Die Veranstaltung passte zeitlich gut in die Vorbereitung des Jubiläumsjahres 2013, das die Neuapostolische Kirche Nordrhein-Westfalen mit ihren NAK NRW-Tagen am Fronleichnamswochenende 2013 vom 30. Mai bis 2. Juni in Dortmund würdigen will.
Theologen und Historiker als Referenten
Gut 50 Teilnehmer hatten sich zu dieser Tagung in der sogenannten Studienkirche des Netzwerks Apostolische Geschichte (NAG) in der Nähe von Bielefeld versammelt. Die meisten Teilnehmer waren Mitglieder verschiedener apostolischer Konfessionen. Die gesamte apostolische Konfessionsgruppe hat ihre Wurzeln in der katholisch-apostolischen Bewegung des ausgehenden 18. und beginnenden 19. Jahrhunderts.
Das NAG konnte für diese Tagung einige Theologen und Historiker gewinnen, die aus verschiedenen Perspektiven Einblicke in die komplexen Zusammenhänge der frühen Kirchengeschichte der katholisch-apostolischen Gemeinde gaben.

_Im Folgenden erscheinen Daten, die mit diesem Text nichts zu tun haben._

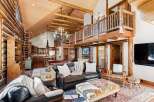 Step into luxury with this stunning log cabin home, boasting a grand open floor plan and exquisite wooden details throughout.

Zur Entstehung der katholisch-apostolischen Bewegung
Sebastian Müller-Bahr, zweiter Vorsitzender des NAG, führte mit einer Übersichtspräsentation zur Entstehung der katholisch-apostolischen Gemeinde in die Thematik ein. In seinem Referat deutete er die gesellschaftspolitische Situation des beginnenden 19. Jahrhunderts kurz nach der Epoche prägenden französischen Revolution an.
Die in dieser Phase in Europa aufkeimende Erweckungsbewegung hatte auch das Entstehen der sich im südenglischen Albury zusammengefundenen Gruppe zur Folge, aus der sich später die katholisch-apostolische Gemeinde entwickelte.
Verschiedene Geschichtsdarstellungen im Vergleich
Die evangelische Theologin Angelika Nemec (Heidelberg) warf mit ihrem Vortrag die Frage auf: "Worin besteht die Gefahr für die heutige historische Arbeit, wenn sie sich ausschließlich auf katholisch-apostolische Quellen stützt?"
Ein Vergleich verschiedener katholisch-apostolischer Geschichtsdarstellungen miteinander und eine Betrachtung der katholisch-apostolischen Geschichtstheologie im Kontext erweckungstheologischer Konzepte führten zu herausfordernden Fragen an die Geschichtsinterpretation der katholisch-apostolischen Gemeinden und der späteren apostolischen Gemeinschaften.
Ihr Vortrag gab Thesen wieder aus ihrer Dissertation zum Thema „Geschichtsdarstellung und Geschichtstheologie der katholisch-apostolischen Gemeinden des 19. Jahrhunderts“.
Neue Quellen entdeckt
Hirte Manfred Henke (Lübeck), Geschichtspädagoge und Mitglied der neuapostolischen Arbeitsgruppe „Geschichte der Neuapostolischen Kirche" setzte die Vortragsreihe der Tagung fort. Das Thema seines Referates: "Katholisch-apostolisches Kirchenverständnis im Wandel der Zeit". Wegen der Fülle von Fakten zu diesem Thema beschränkte er sich auf die Zeit von 1832-1877.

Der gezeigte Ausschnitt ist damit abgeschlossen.